The defendant was hired by two men, Sanchez and Ruthewic, and to drive stolen automobiles to the store-front operation in Lakewood. Testimony at trial established that the undercover agents had dealt with Sanchez and Ruthewic on at least a dozen occasions. The defendant drove a stolen 1976 Volvo to the store-front operation and received $200. Later that same day, the defendant delivered a stolen 1977 Oldsmobile to the store-front and received an additional $400. These fencing transactions were monitored and video taped for use at trial.
At trial, the defendant admitted his participation in the fencing of the stolen automobiles. He asserted, however, diminished responsibility as a result of alcoholism and drug addiction, and denied participation in the theft of the automobiles.

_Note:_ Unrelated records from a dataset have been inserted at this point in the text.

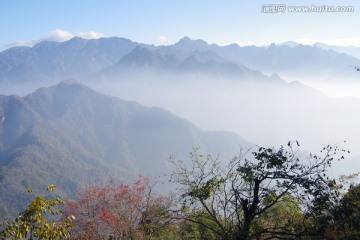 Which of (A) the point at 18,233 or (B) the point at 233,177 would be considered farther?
(B) the point at 233,177

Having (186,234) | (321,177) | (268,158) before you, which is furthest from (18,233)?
(186,234)

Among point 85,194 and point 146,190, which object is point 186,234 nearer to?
point 146,190

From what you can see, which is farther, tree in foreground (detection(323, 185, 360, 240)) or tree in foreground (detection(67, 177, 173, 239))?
tree in foreground (detection(67, 177, 173, 239))

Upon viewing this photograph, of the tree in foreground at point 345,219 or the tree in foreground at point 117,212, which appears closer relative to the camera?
the tree in foreground at point 345,219

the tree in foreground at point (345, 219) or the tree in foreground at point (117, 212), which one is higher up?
the tree in foreground at point (345, 219)

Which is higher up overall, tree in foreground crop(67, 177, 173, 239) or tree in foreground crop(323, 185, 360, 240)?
tree in foreground crop(323, 185, 360, 240)

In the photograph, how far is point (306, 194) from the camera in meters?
14.1

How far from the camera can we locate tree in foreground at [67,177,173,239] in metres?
27.4

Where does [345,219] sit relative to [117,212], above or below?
above

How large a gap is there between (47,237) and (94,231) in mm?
19055

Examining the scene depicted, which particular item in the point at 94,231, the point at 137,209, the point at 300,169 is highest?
the point at 300,169

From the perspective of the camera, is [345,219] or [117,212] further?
[117,212]

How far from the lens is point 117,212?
30734mm

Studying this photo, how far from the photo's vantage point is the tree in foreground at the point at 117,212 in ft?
90.0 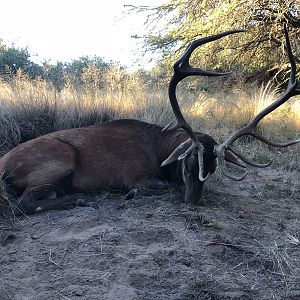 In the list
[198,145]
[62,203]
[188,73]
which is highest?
[188,73]

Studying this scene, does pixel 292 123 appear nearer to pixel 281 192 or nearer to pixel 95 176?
pixel 281 192

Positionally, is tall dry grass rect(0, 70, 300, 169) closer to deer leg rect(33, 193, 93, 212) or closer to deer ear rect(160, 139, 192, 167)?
deer leg rect(33, 193, 93, 212)

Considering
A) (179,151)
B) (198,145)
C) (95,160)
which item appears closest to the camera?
(198,145)

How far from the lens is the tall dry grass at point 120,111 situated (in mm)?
7020

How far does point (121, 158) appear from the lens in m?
5.49

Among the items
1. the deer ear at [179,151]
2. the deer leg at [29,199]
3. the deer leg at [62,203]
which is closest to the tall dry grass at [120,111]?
the deer leg at [29,199]

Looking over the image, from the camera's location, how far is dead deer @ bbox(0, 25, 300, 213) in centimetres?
473

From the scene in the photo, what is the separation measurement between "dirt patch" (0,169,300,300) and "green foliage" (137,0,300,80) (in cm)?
708

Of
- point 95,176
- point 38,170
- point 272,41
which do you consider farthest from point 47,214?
point 272,41

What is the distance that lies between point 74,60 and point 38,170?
1587 cm

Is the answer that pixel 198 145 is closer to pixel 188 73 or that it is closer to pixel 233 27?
pixel 188 73

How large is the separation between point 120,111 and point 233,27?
4.66 m

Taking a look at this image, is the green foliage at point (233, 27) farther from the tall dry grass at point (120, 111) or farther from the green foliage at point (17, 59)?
the green foliage at point (17, 59)

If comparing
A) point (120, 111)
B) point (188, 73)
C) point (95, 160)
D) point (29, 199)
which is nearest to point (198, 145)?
point (188, 73) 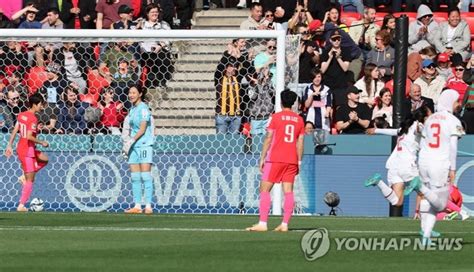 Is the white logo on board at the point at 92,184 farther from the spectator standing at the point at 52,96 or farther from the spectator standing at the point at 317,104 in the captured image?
the spectator standing at the point at 317,104

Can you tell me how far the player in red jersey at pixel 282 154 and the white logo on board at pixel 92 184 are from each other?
6911 mm

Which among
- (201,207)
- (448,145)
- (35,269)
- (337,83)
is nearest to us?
(35,269)

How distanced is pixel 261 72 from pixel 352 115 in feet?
6.08

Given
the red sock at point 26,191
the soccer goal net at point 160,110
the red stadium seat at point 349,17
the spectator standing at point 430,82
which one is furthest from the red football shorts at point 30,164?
the red stadium seat at point 349,17

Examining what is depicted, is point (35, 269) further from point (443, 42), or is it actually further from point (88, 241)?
point (443, 42)

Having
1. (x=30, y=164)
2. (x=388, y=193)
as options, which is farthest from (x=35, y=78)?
(x=388, y=193)

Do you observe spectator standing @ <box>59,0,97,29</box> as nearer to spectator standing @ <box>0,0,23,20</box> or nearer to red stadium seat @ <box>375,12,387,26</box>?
spectator standing @ <box>0,0,23,20</box>

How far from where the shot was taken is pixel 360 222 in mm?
20812

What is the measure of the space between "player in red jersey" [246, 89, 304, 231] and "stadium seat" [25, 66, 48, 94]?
8.30 metres

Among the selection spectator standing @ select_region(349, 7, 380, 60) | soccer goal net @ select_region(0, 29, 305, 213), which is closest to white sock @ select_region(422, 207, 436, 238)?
soccer goal net @ select_region(0, 29, 305, 213)

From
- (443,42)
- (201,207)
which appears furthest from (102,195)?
(443,42)

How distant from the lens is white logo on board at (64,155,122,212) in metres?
25.1

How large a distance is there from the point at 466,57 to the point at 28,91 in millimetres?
8510

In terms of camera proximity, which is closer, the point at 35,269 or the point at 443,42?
the point at 35,269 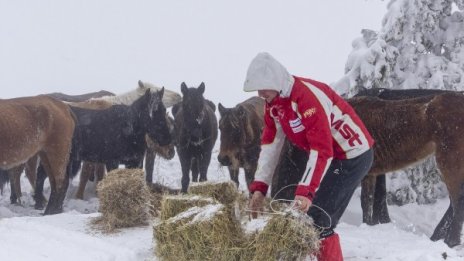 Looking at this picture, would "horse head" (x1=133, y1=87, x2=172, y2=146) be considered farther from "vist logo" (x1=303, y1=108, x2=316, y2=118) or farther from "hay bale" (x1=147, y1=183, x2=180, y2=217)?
"vist logo" (x1=303, y1=108, x2=316, y2=118)

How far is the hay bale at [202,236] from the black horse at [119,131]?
18.0ft

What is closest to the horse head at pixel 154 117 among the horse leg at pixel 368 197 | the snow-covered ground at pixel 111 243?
the snow-covered ground at pixel 111 243

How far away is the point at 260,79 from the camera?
169 inches

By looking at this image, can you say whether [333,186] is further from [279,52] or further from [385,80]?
[279,52]

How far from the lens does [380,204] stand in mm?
8609

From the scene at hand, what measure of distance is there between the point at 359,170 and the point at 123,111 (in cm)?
634

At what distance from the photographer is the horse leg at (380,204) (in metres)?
8.50

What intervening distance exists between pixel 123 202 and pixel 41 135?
296 cm

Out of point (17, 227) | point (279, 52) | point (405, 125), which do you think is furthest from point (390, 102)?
point (279, 52)

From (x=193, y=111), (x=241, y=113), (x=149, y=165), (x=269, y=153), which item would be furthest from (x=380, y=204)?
(x=149, y=165)

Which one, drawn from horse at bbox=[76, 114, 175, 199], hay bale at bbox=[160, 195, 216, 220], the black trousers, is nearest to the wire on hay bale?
hay bale at bbox=[160, 195, 216, 220]

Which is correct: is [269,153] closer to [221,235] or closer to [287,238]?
[221,235]

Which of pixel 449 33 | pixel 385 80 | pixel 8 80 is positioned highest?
pixel 449 33

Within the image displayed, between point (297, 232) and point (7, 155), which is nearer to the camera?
point (297, 232) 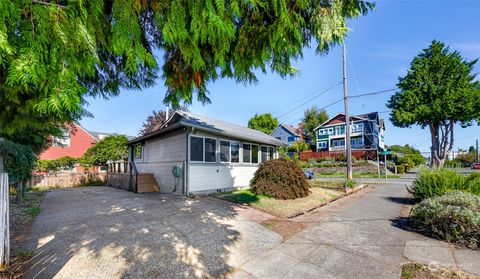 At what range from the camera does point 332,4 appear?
3.01 meters

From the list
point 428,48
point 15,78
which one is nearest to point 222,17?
point 15,78

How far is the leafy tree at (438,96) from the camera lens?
23109 mm

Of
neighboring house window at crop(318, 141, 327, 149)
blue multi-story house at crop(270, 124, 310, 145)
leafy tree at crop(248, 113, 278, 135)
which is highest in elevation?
leafy tree at crop(248, 113, 278, 135)

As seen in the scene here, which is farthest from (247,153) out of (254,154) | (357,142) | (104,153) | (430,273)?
(357,142)

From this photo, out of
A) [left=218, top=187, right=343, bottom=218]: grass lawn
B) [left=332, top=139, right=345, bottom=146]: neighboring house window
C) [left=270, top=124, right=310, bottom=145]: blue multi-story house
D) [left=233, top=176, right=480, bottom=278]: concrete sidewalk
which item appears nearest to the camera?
[left=233, top=176, right=480, bottom=278]: concrete sidewalk

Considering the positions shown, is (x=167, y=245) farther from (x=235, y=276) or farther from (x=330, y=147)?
(x=330, y=147)

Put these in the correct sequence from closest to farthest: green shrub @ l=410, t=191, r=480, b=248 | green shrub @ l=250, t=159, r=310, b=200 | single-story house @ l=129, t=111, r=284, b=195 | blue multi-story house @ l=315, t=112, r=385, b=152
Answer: green shrub @ l=410, t=191, r=480, b=248 < green shrub @ l=250, t=159, r=310, b=200 < single-story house @ l=129, t=111, r=284, b=195 < blue multi-story house @ l=315, t=112, r=385, b=152

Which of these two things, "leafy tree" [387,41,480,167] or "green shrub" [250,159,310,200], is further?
"leafy tree" [387,41,480,167]

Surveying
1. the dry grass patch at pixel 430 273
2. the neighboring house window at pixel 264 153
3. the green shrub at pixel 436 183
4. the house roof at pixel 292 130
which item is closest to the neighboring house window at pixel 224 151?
the neighboring house window at pixel 264 153

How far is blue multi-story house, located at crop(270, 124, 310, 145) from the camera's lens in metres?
43.8

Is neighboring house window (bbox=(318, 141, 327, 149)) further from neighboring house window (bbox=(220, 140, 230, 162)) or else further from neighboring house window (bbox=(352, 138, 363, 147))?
neighboring house window (bbox=(220, 140, 230, 162))

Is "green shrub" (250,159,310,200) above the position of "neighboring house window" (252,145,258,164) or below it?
below

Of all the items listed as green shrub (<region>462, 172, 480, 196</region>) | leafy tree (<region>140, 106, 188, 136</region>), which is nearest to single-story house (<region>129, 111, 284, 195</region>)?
green shrub (<region>462, 172, 480, 196</region>)

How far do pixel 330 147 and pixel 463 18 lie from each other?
1289 inches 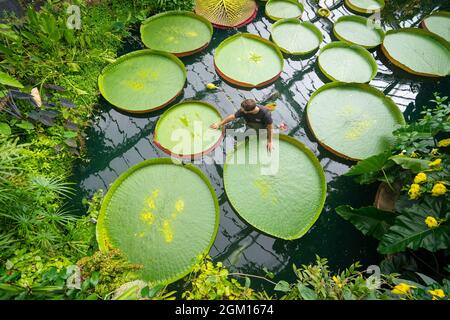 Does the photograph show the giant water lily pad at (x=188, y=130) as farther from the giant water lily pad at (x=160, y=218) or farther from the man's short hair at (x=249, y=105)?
the man's short hair at (x=249, y=105)

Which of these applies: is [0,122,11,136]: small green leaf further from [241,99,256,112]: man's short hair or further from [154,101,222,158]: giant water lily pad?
[241,99,256,112]: man's short hair

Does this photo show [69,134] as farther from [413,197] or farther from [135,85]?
[413,197]

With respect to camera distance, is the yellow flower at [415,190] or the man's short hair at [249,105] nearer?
the yellow flower at [415,190]

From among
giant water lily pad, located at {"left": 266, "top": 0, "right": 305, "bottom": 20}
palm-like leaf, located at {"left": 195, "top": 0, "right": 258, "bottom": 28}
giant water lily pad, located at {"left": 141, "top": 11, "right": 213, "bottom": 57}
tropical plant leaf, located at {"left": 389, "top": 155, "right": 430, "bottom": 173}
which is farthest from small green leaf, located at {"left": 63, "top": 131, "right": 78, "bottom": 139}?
giant water lily pad, located at {"left": 266, "top": 0, "right": 305, "bottom": 20}

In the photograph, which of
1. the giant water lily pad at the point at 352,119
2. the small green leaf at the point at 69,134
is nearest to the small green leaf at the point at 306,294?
the giant water lily pad at the point at 352,119

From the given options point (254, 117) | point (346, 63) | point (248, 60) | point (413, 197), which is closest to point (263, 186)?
point (254, 117) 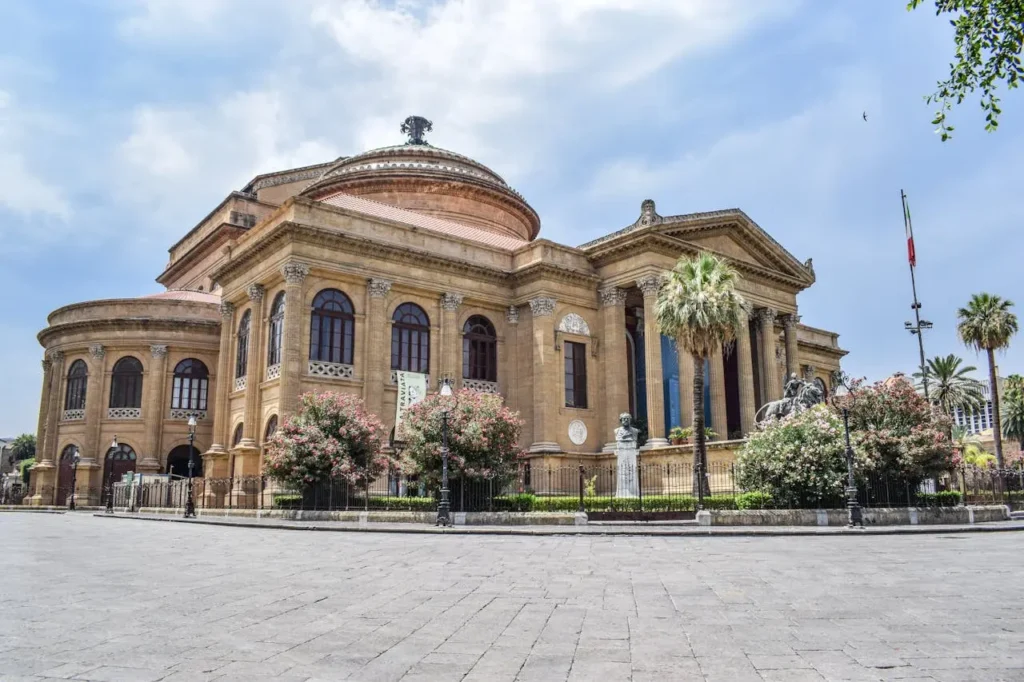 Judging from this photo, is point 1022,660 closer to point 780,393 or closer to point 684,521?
point 684,521

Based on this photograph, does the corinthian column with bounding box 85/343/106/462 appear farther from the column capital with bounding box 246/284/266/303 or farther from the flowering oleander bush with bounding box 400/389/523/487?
the flowering oleander bush with bounding box 400/389/523/487

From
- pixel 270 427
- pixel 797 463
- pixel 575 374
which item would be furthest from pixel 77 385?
→ pixel 797 463

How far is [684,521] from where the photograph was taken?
2322cm

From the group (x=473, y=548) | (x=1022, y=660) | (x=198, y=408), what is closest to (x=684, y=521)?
(x=473, y=548)

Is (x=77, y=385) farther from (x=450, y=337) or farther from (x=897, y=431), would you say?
(x=897, y=431)

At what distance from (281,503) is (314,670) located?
2360cm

The primary issues asserted on appeal relate to the prejudice that the defendant suffered when the jury was allowed to view the video tape of the fencing transactions in its entirety, the refusal of the trial court to instruct the jury on entrapment, and the failure of the trial court to require the prosecution to elect between the charges of theft and theft by receiving in accordance with People v. Lamirato, 180 Colo. 250, 504 P.2d 661 (1972). Our review of the record satisfies us that no error occurred in the admission of the video tape or the refusal of the trial court to instruct the jury on entrapment. However, the failure of the trial court to require the prosecution to elect between the theft and theft by receiving counts requires that we reverse the defendant's convictions for theft and conspiracy to commit theft.
The defendant asserts that the trial court abused its discretion in permitting the jury to view the entire video tape of the fencing transactions. Central to the defendant's objection to the admission of the video tape is his admission of prior crimes and his willingness to participate in future criminal activity, including murder and robbery, to obtain firearms for sale to the store-front operation.
The general rule governing the admissibility of other crimes is set forth in Warford v. People, 43 Colo. 107, 96 P. 556 (1908), where we stated that evidence is not admissible which shows, or tends to show, that the accused has committed a crime wholly independent of the offense for which he is on trial.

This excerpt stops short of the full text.